If the use that Laurenz's example shows is supported, then I could have such a trigger on every table that participates in a requirement that's tersely expressed using a SQL Assertion (as documentation). I'd simply use the same trigger function for the deferred constraint trigger on each of those tables. And I'd accept the fact that it unnecessarily (and expensively) fired more times than it needed to. Because I want to test only the final state, and intermediate states might violate the rule that I want to enforce, I need to add logic to populate a log (presumably a temporary table) with an ordinary trigger, every time any involved table changes, so that I could check the log in the constraint trigger's function. When it has N rows, then the function should skip the check except on its Nth invocation.

There's an implicit question lurking here: might it be possible to define a new ON COMMIT trigger firing point, legal only for a deferred constraint trigger? It should fire just once when a multi-statement transaction is committed if one or many of the tables, whose triggers share the same function, see changes.

DETAIL
======

I read this in the Current CREATE TRIGGER section: Constraint triggers must be AFTER ROW triggers on plain tables.
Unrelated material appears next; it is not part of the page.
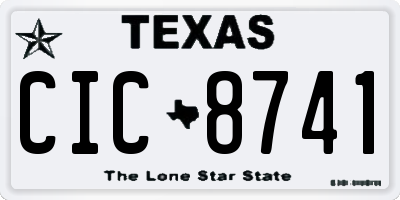 TX license plate CIC8741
And sure enough, this attempt:

create constraint trigger trg
after insert on t
for each statement
execute function trg_fn();

causes a syntax error. This implies that the concept is to program a constraint that (like a declarative constraint on a table’s column as part of the table's definition) has just single-row scope. Yet I discovered, serendipitously (and before reading Laurenz's 's post), that an “after row” constraint trigger does allow querying the table it's on (and other tables) in the trigger function's body. I used this technique in the example that I used to start this thread:

"A transaction cannot be ended inside a block with exception handlers"
https://www.postgresql.org/message-id/40EB34E2-F9CA-4D29-B0BE-6DF3D4D0FBA3@yugabyte.com <https://www.postgresql.org/message-id/40EB34E2-F9CA-4D29-B0BE-6DF3D4D0FBA3@yugabyte.com>

Nobody said that I was doing anything unsupported.
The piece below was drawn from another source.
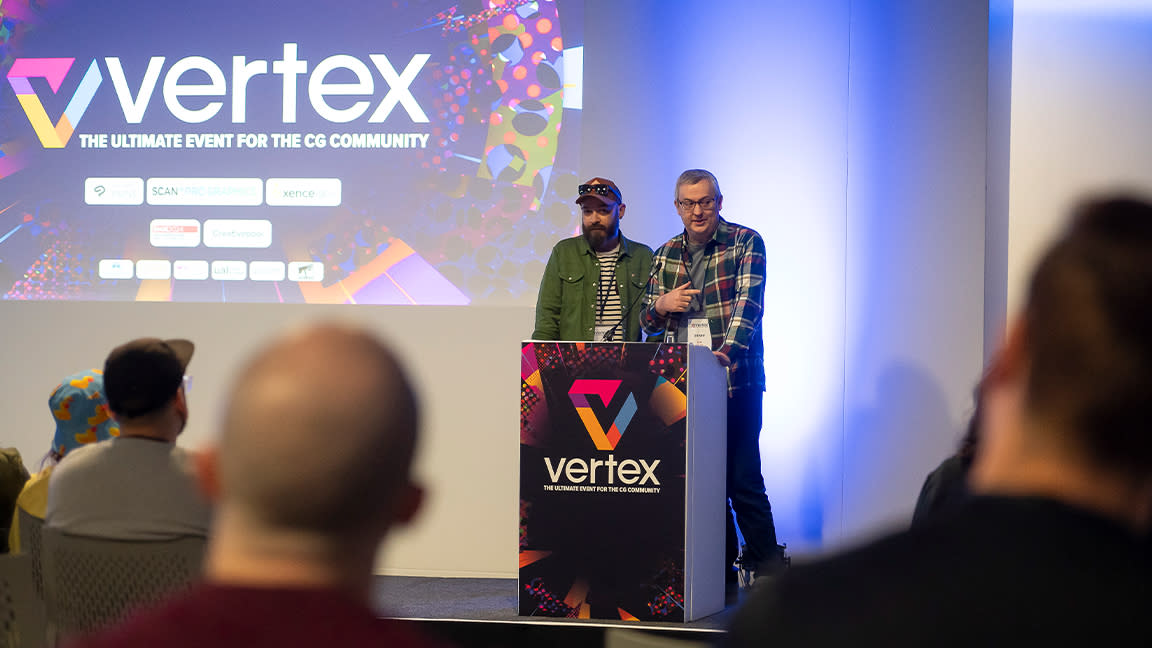  Vertex 2024; two men on a stage.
I also used it in "The complete testcase" at the end of my final response in that thread:
https://www.postgresql.org/message-id/549EB7DB-214E-420C-BEEF-324AB124DE99@yugabyte.com <https://www.postgresql.org/message-id/549EB7DB-214E-420C-BEEF-324AB124DE99@yugabyte.com>

Is my entire concept (and Laurenz's too) fundamentally flawed? Specifically, is querying a trigger's base table in a "for each row" trigger fundamentally unsound and not supported? (In Oracle Database, it causes the notorious "mutating table" runtime error.)
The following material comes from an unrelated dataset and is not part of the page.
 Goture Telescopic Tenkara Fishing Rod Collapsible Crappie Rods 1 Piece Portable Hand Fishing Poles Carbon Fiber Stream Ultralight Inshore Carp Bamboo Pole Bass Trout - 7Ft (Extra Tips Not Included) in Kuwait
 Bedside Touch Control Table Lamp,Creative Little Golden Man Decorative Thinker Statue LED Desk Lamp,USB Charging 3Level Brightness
This little test shows what actually happens:

create table t1(k serial primary key, v int not null);
create table t2(k serial primary key, v int not null);

create function trg_fn()
returns trigger
language plpgsql
as $body$
declare
n int not null := 0;
begin
n := (select count(*) from t1) + (select count(*) from t2);
raise info 'trg fired. new.v = %, n = %', new.v, n;
return new;
end;
$body$;

create constraint trigger trg
after insert on t1
for each row
execute function trg_fn();

create constraint trigger trg
after insert on t2
for each row
execute function trg_fn();

set default_transaction_isolation = 'read committed';
do $body$
begin
insert into t1(v)
values (10), (20), (30), (40), (50);

insert into t2(v)
values (60), (70), (80);
end;
$body$;

Here's the "raise info" output:

INFO: trg fired. new.v = 10, n = 5
INFO: trg fired. new.v = 20, n = 5
INFO: trg fired. new.v = 30, n = 5
INFO: trg fired. new.v = 40, n = 5
INFO: trg fired. new.v = 50, n = 5
INFO: trg fired. new.v = 60, n = 8
INFO: trg fired. new.v = 70, n = 8
INFO: trg fired. new.v = 80, n = 8

It shows the expected "new" value each time it fires. And yet the query reflects the table content on statement completion. This seems to be very strange. But it is, in fact, what I need to implement my testcase (below). I want the trigger to cause an error only when the final content is wrong.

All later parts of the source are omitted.